**What the task requires:** Reproduce precisely the lines of the material below from the line containing "Gayrimenkul ve tapu" up to and including its last line. Pictures must not be copied.

**Given information:**
= = = =

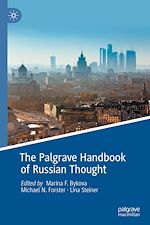 Télécharger le livre :  The Palgrave Handbook of Russian Thought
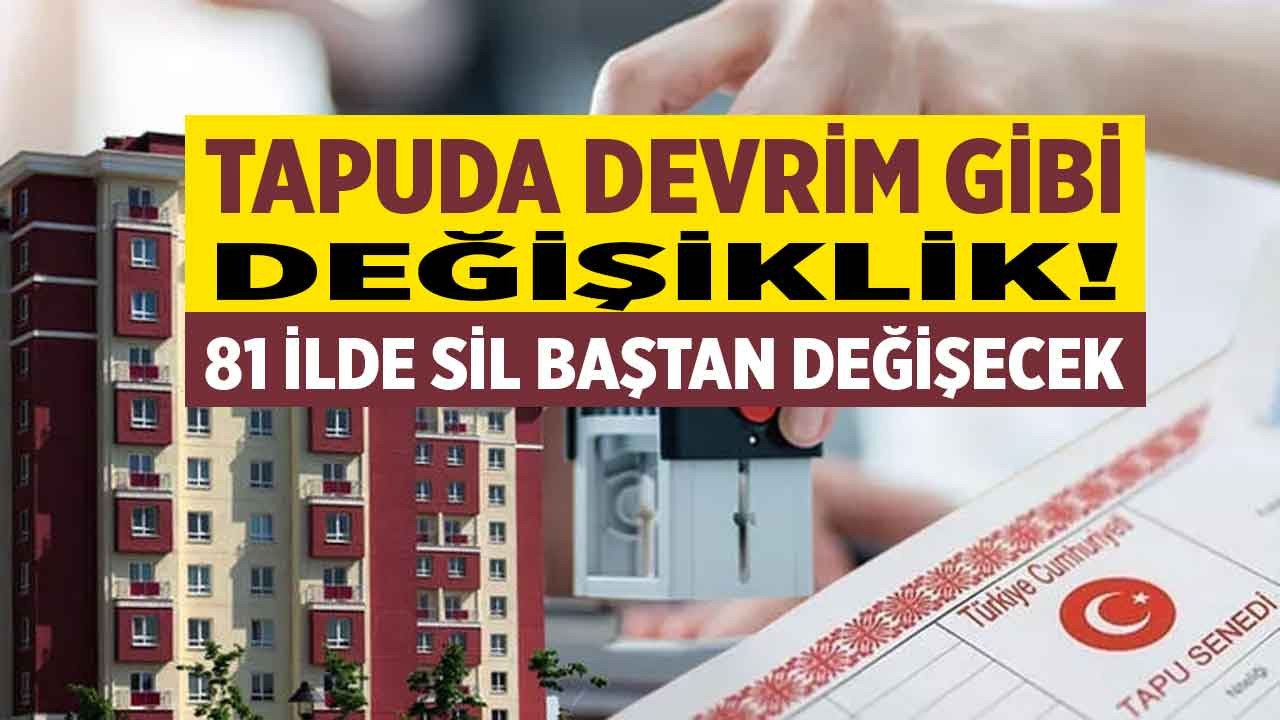 Gayrimenkul ve tapu işlemlerinde devrim gibi değişiklik! 81 ilin tamamında sil baştan değişecek, tapuda 3 boyutlu dönem başlayacak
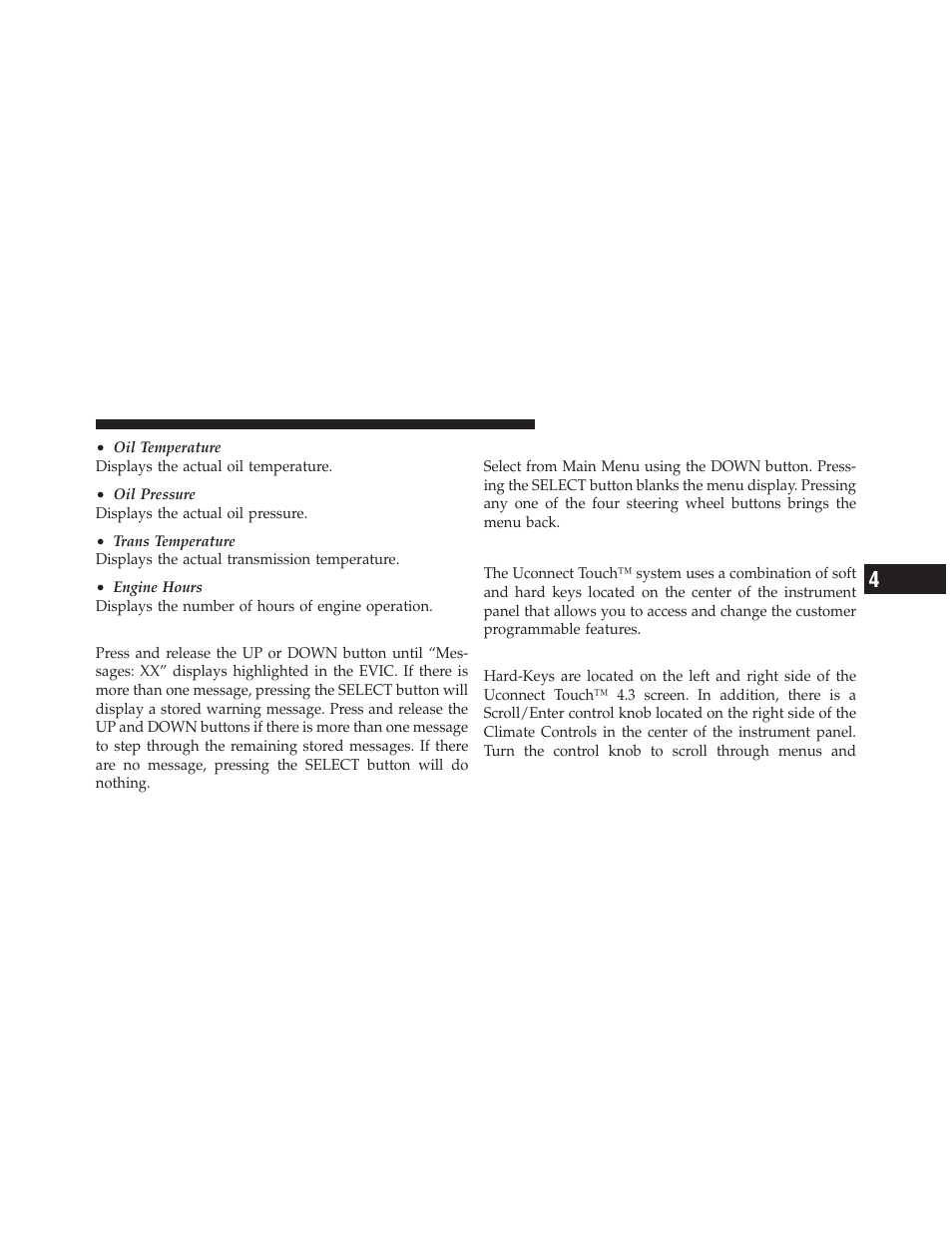 Messages, Turn menu off, Uconnect touch™ settings | Hard-keys | Dodge 2012 Journey - Owner Manual User Manual | Page 297 / 603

= = = =

**Exercise output:**
 Gayrimenkul ve tapu işlemlerinde devrim gibi değişiklik! 81 ilin tamamında sil baştan değişecek, tapuda 3 boyutlu dönem başlayacak
 Messages, Turn menu off, Uconnect touch™ settings | Hard-keys | Dodge 2012 Journey - Owner Manual User Manual | Page 297 / 603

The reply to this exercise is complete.